Céline Buckens (born 9 August 1996) is a Belgian and British actress. After appearing in the film War Horse (2011), she went on to play Mia MacDonald in the Netflix series Free Rein (2017–2019) and Sophie Mercer in the Cinemax series Warrior (2020). For her performance in the BBC drama Showtrial (2021), she was nominated for a British Academy Television Award. She also starred in the Paramount+ drama The Ex-Wife (2022).

Early life
Buckens was born on 9 August 1996 in Brussels and moved to the England at a young age, where she grew up in Kensington, London. She attended Thomas's London Day School and St Mary's, Ascot. She then studied History at the London School of Economics and Political Science; she appeared in Free Rein while completing her course.

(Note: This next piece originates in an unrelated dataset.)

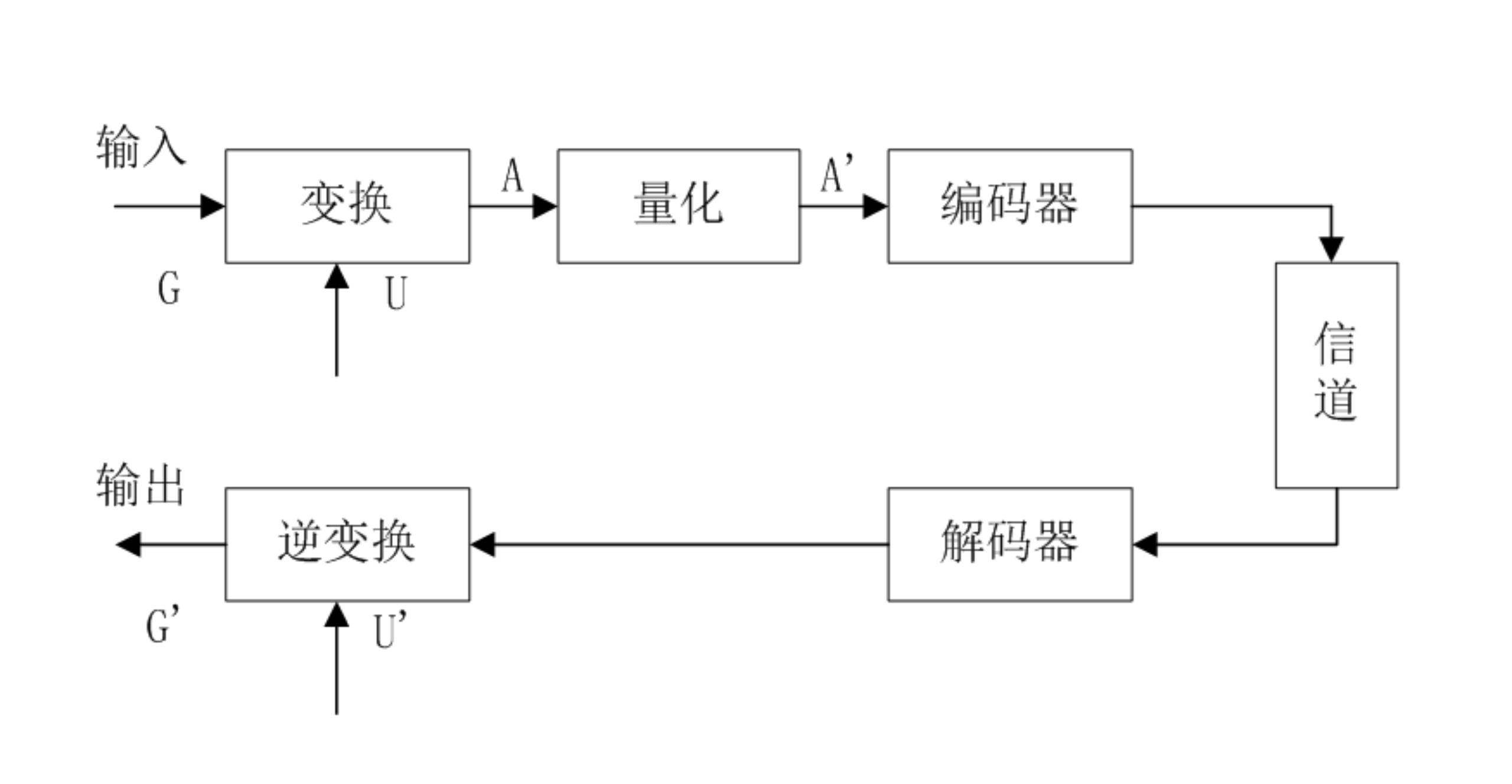 图片压缩知识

Buckens was also a debutante at the Bal des débutantes in Paris.

Career
Buckens' acting career began when she portrayed Émilie in Steven Spielberg's 2011 film War Horse, a role she won after two auditions. The character is a young French girl who lives on a farm with her grandfather after she lost her parents in the war. In 2015, Buckens starred in a short film titled The Rain Collector, as Vanessa Kentworth.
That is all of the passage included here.